-- Opening Marker --

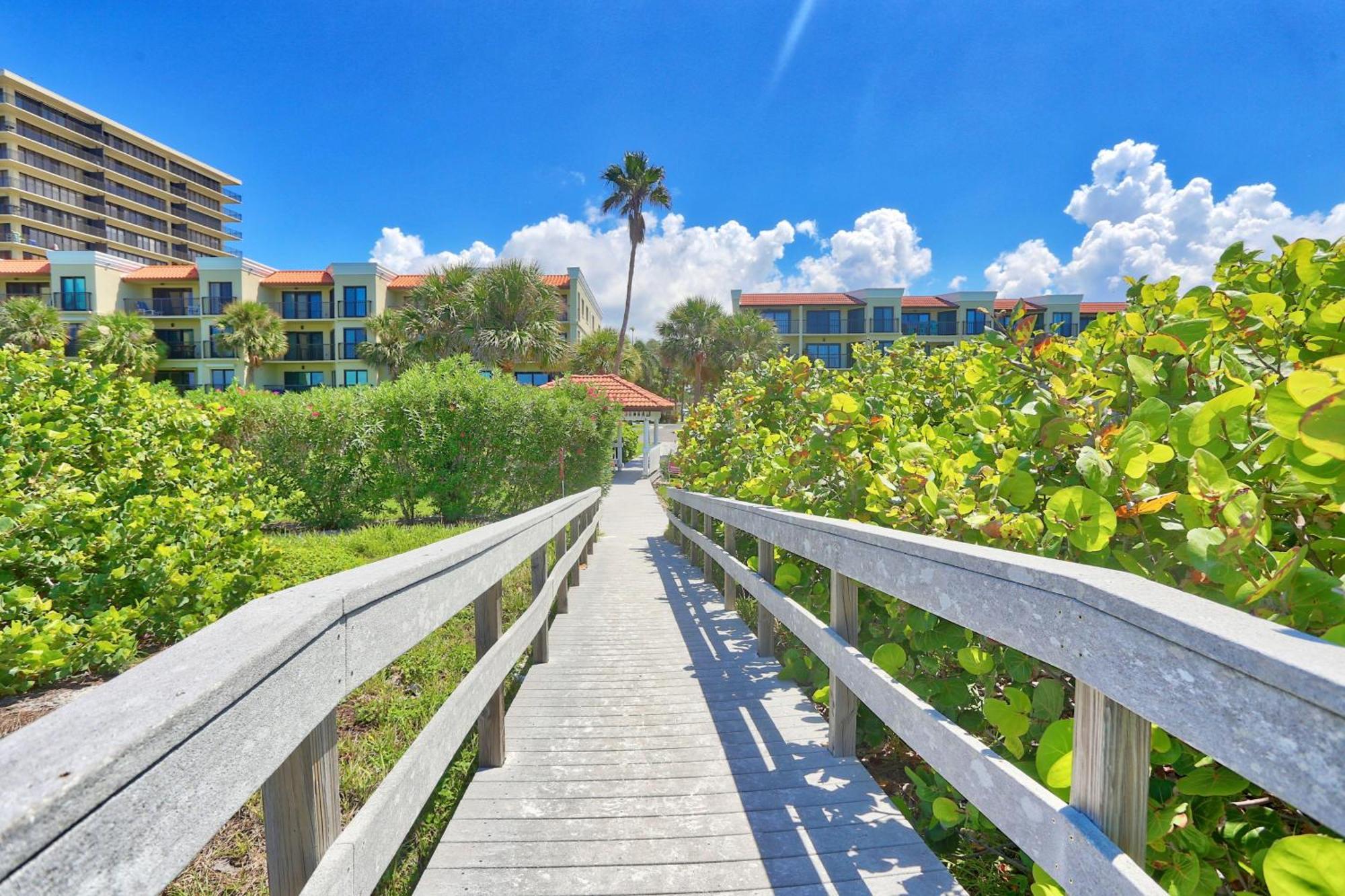 Land'S End 11-203 Beach Front - Premier St. Pete Beach Exterior photo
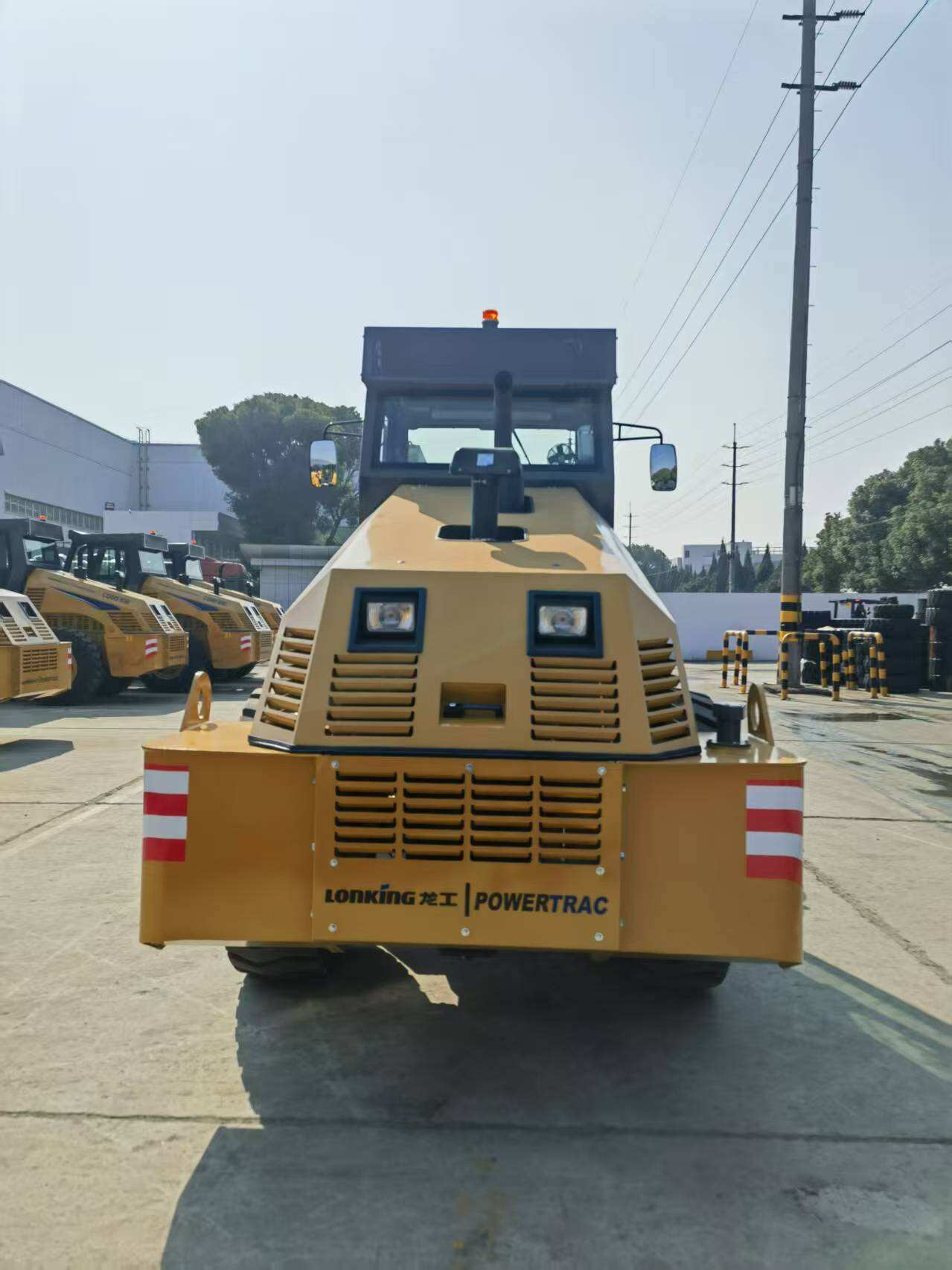 Should You Choose a Pneumatic Roller for Gravel Roads?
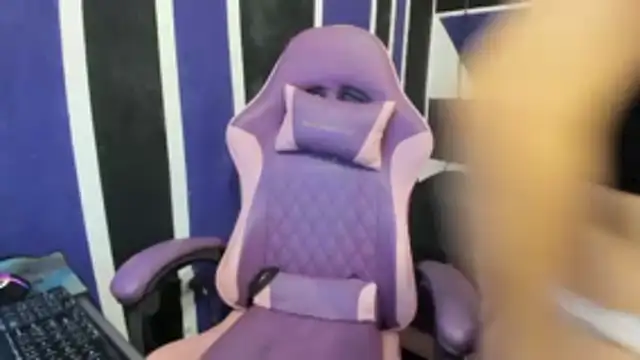 scarleth18 online show from February 12, 8:30 pm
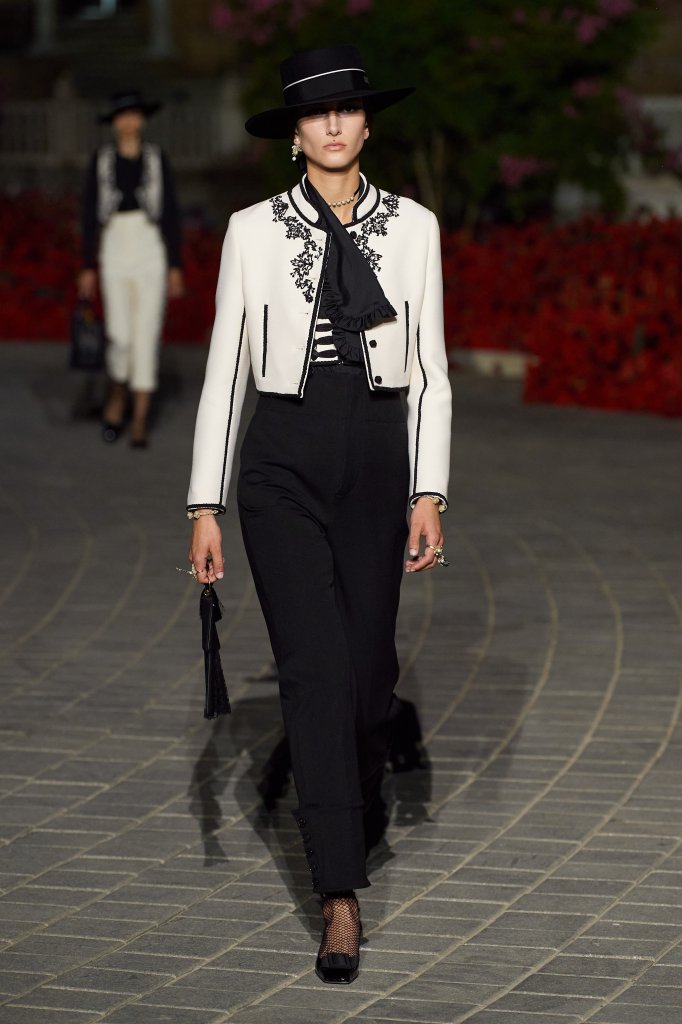 克里斯汀·迪奥 Christian Dior 2023早春度假系列发布秀天天时装口袋里的时尚指南
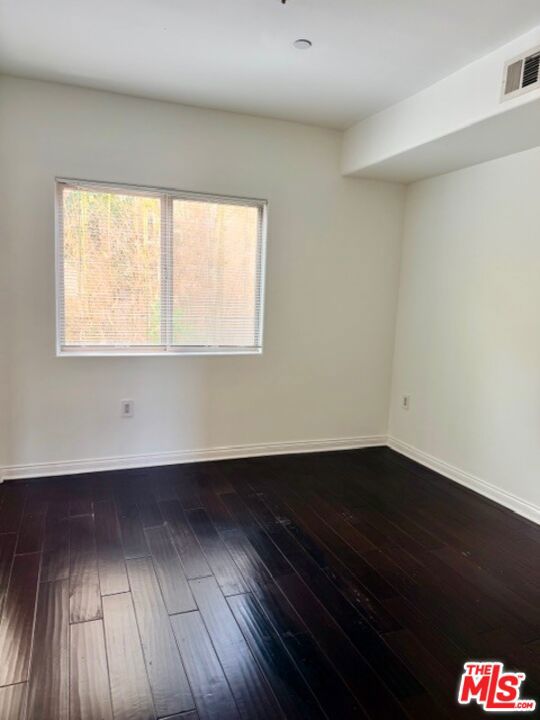 Residential Lease for rent at 917 N Sierra Bonita Avenue 3, West Hollywood, Los Angeles County CA featuring 3 beds and 4 baths
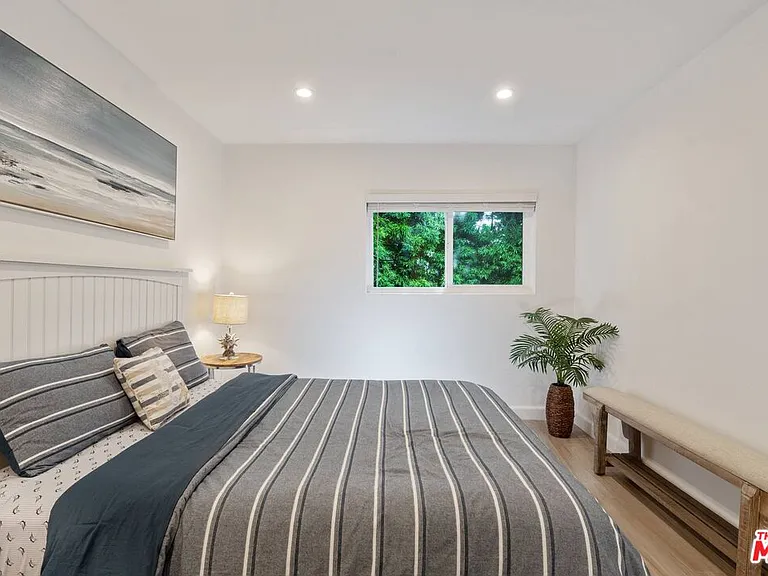 31518 Broad Beach Rd — Photo 19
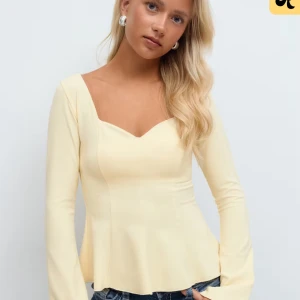 Ljusgul långärmad blus med v-ringning - Säljer en ljusgul blus med lång ärm och snygg v-ringad hals. har aldrig använt och skriv om du vill ha bilder och priset kan diskuteras 💕💕ny pris 229kr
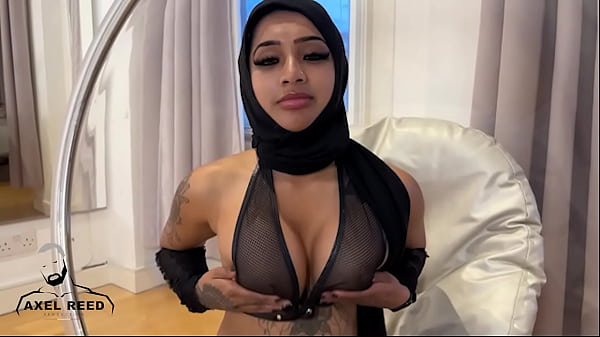 Gadis Muslim Arab Berjilbab Digencet Ganas Oleh Pria Berotot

-- Closing Marker --

What is needed is an exact copy of the lines from the one with "Ljusgul långärmad blus" through the end of the data above, both included, minus any pictures.

== Answer to this exercise ==
 Ljusgul långärmad blus med v-ringning - Säljer en ljusgul blus med lång ärm och snygg v-ringad hals. har aldrig använt och skriv om du vill ha bilder och priset kan diskuteras 💕💕ny pris 229kr
 Gadis Muslim Arab Berjilbab Digencet Ganas Oleh Pria Berotot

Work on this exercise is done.